Data records:

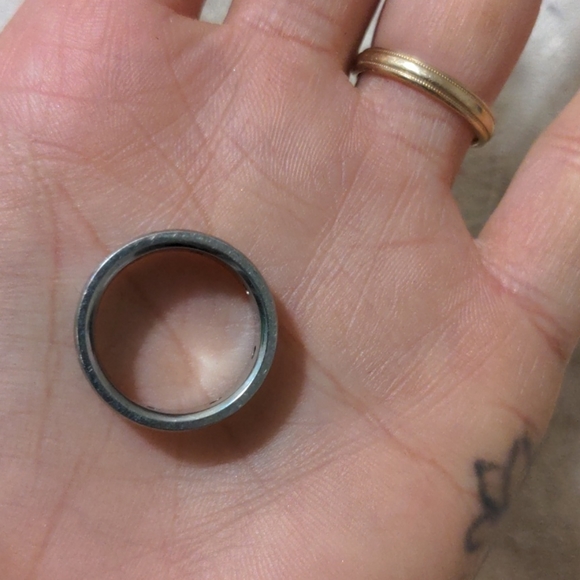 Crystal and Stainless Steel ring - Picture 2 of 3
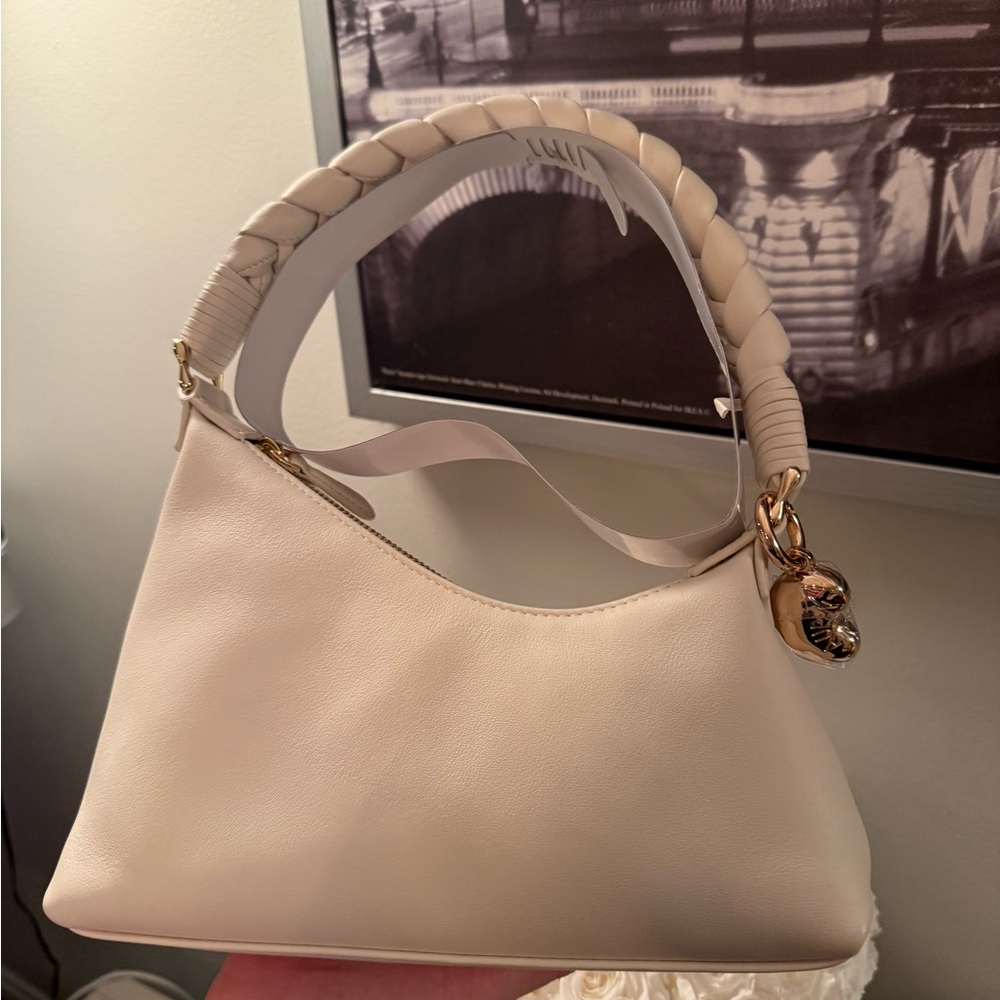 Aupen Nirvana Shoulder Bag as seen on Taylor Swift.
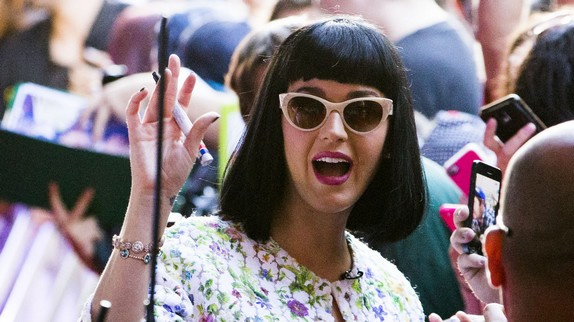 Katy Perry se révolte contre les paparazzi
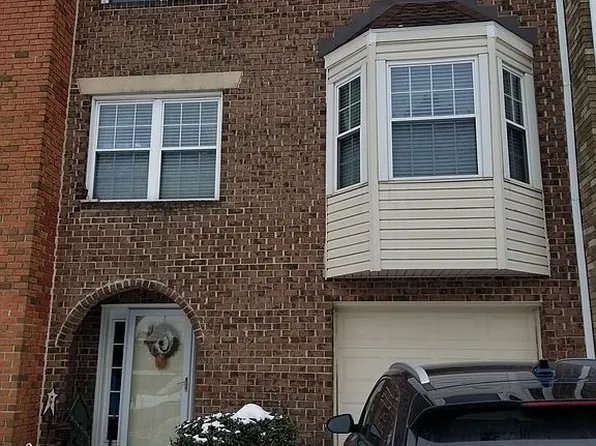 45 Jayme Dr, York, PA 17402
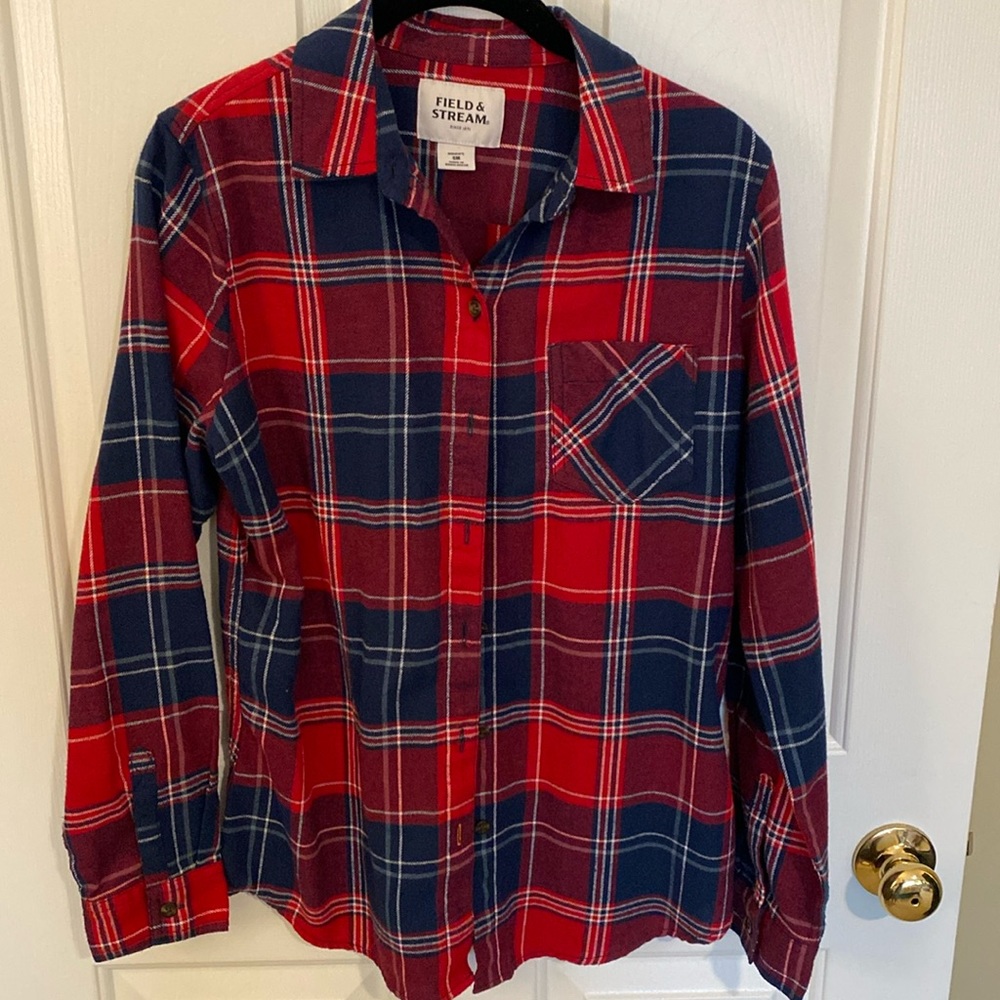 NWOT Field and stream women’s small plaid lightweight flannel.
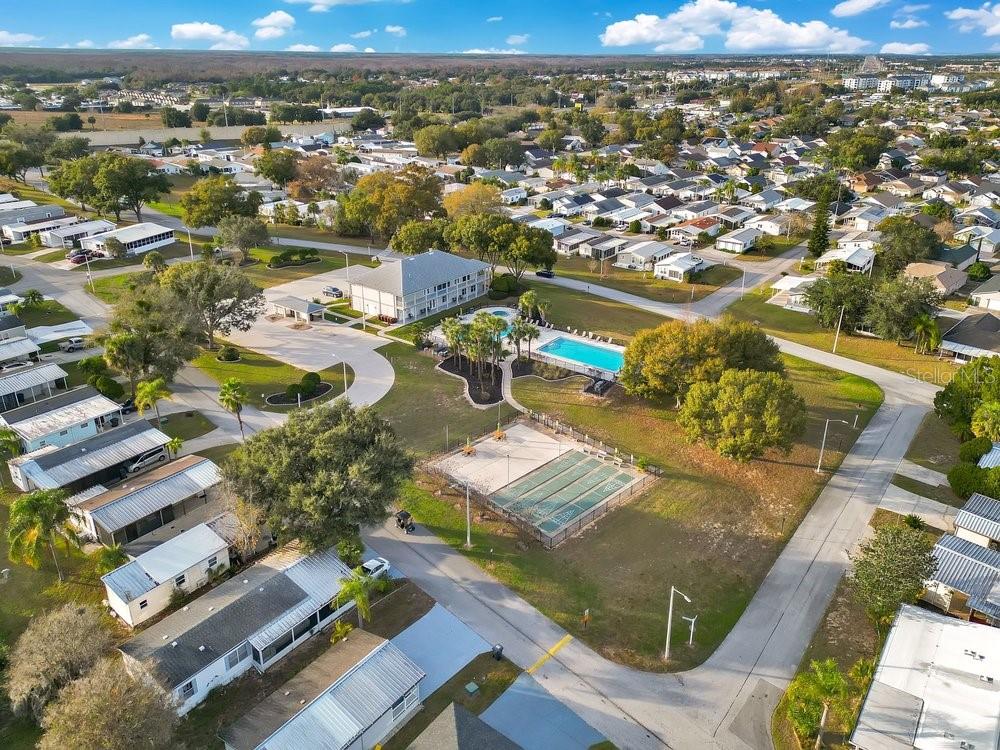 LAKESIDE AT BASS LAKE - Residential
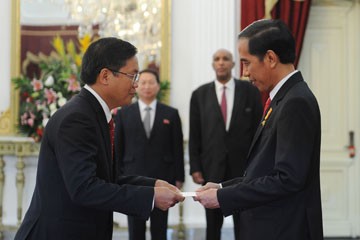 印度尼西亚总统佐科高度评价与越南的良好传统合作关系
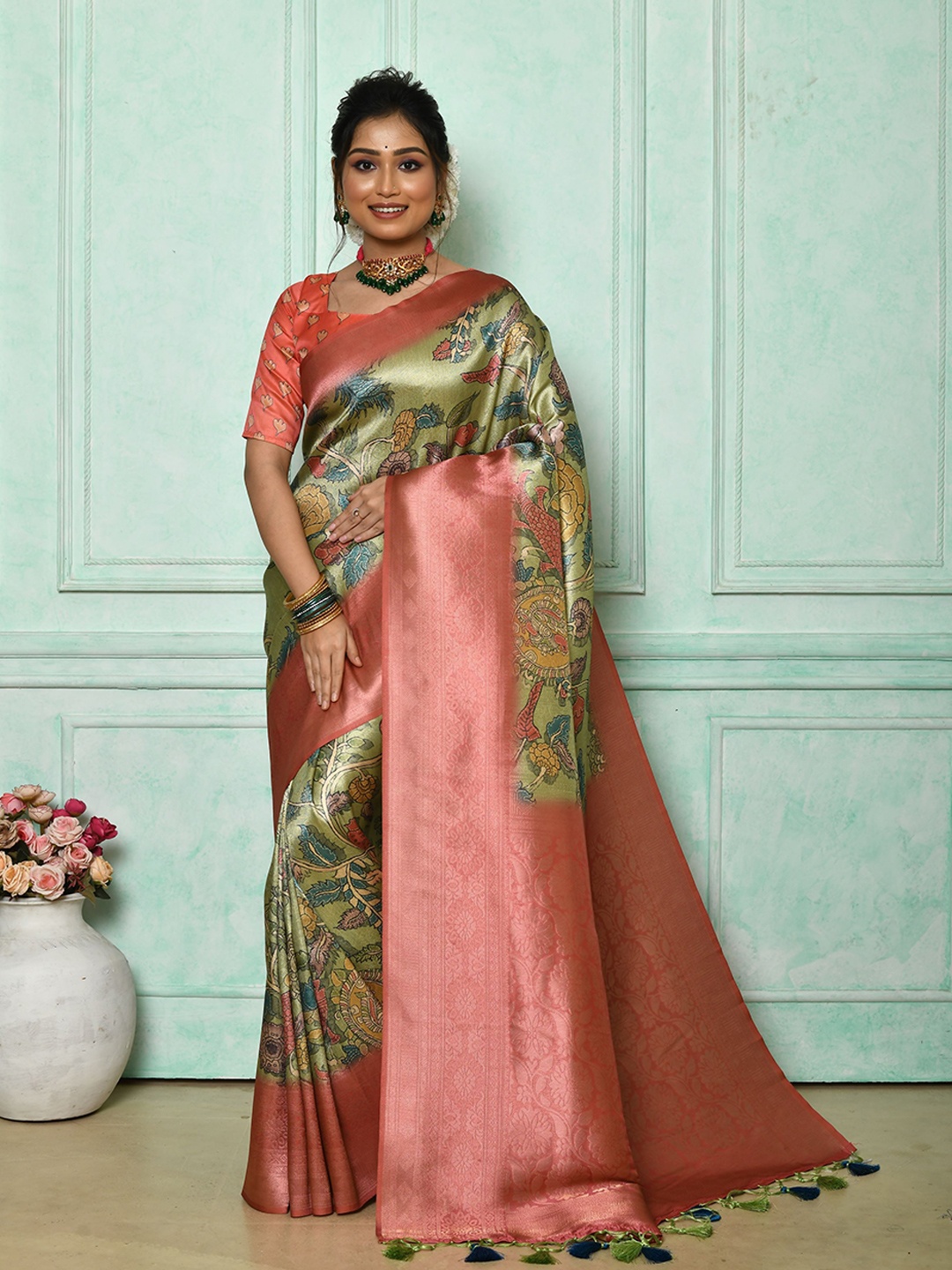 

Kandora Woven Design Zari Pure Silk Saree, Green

The problem: Starting at the line that contains "Katy Perry se révolte contre les paparazzi", restate each line verbatim through the final line of the listing, skipping all pictures.

Response box:
 Katy Perry se révolte contre les paparazzi
 45 Jayme Dr, York, PA 17402
 NWOT Field and stream women’s small plaid lightweight flannel.
 LAKESIDE AT BASS LAKE - Residential
 印度尼西亚总统佐科高度评价与越南的良好传统合作关系

Kandora Woven Design Zari Pure Silk Saree, Green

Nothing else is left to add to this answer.